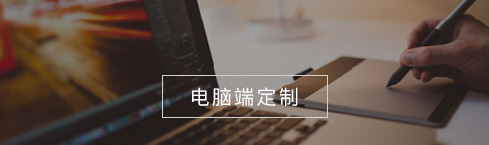 &#112;&#112;&#30005;&#23376;&#40;&#20013;&#22269;&#28216;&#41;&#23448;&#26041;&#22312;&#32447;&#24179;&#21488;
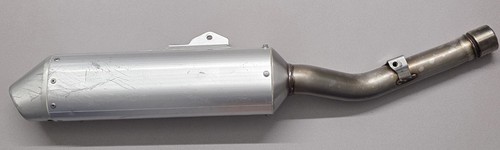 Used condition oem kawasaki - condition,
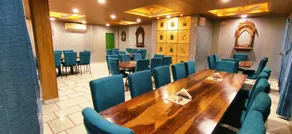 Hotel Moonlight - Image 4
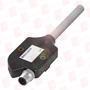 BALLUFF BNI IOL-771-002-K027-003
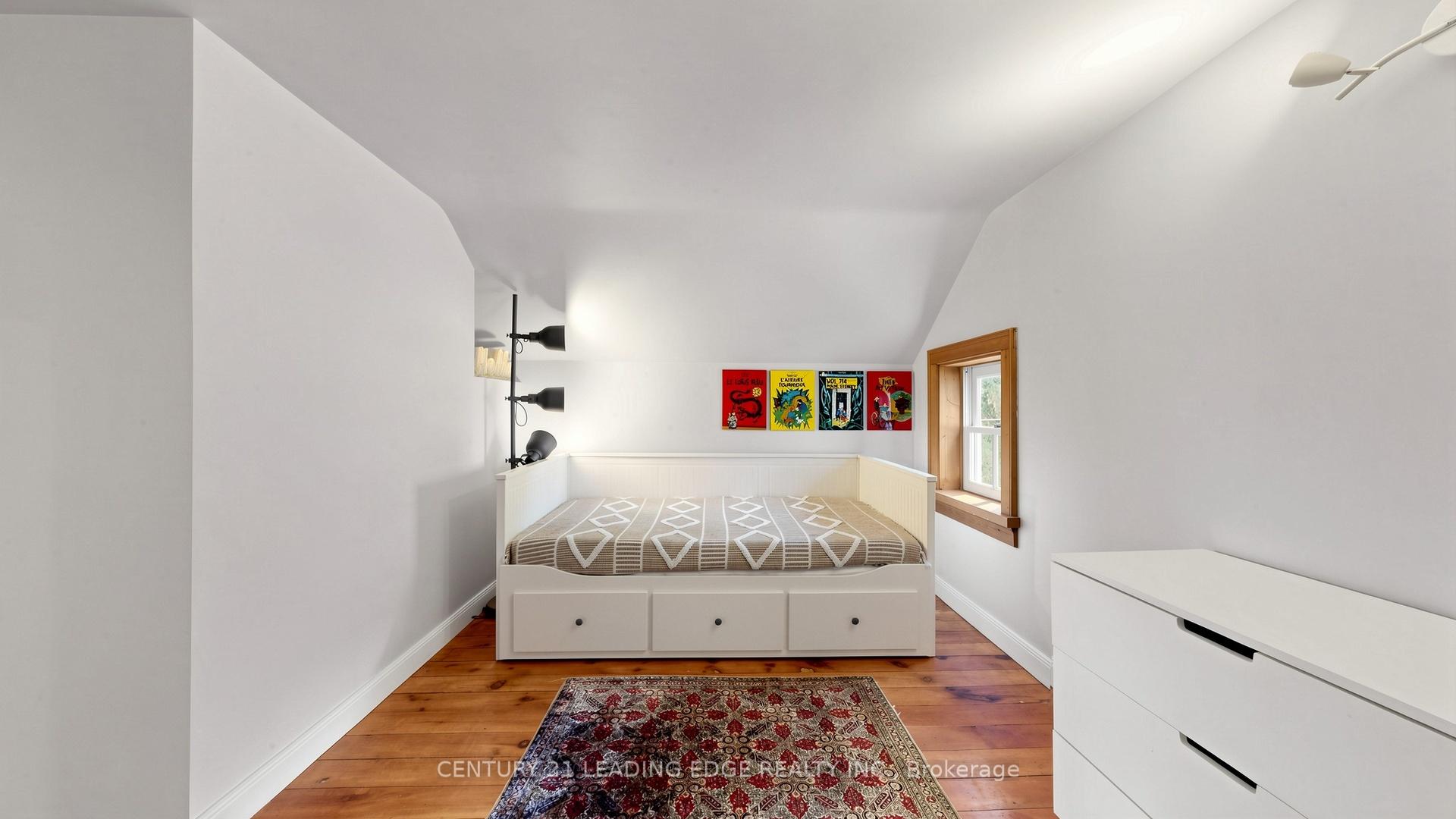 Photo 33 of 31 Victoria Avenue, Markham, Unionville — HOMEH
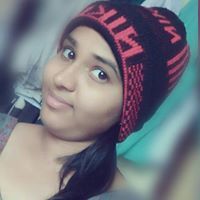 ಭಾವನ ಶೇಖರ್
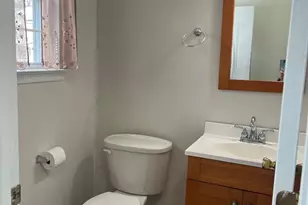 2564 Todd Ct, Waterford Township, NJ 08004 - Photo 9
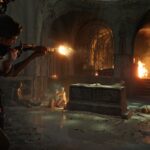 Los fanáticos de la mafia acaban de recibir grandes noticias sobre el futuro de la serie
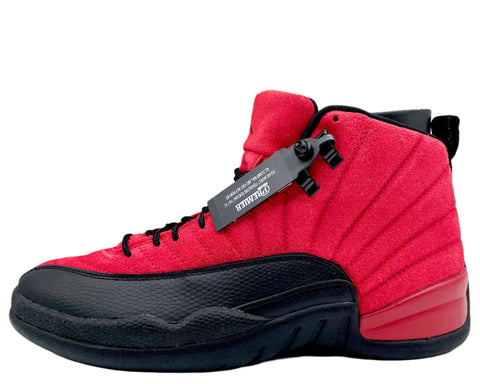 Air Jordan 12 Retro 'Reverse Flu Game (2020)' | US M 10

Task description | Copy exactly, and copy only, the lines from the one bearing "Photo 33 of" through the closing line of the material, with both ends kept and pictures removed.

Written response |
 Photo 33 of 31 Victoria Avenue, Markham, Unionville — HOMEH
 ಭಾವನ ಶೇಖರ್
 2564 Todd Ct, Waterford Township, NJ 08004 - Photo 9
 Los fanáticos de la mafia acaban de recibir grandes noticias sobre el futuro de la serie
 Air Jordan 12 Retro 'Reverse Flu Game (2020)' | US M 10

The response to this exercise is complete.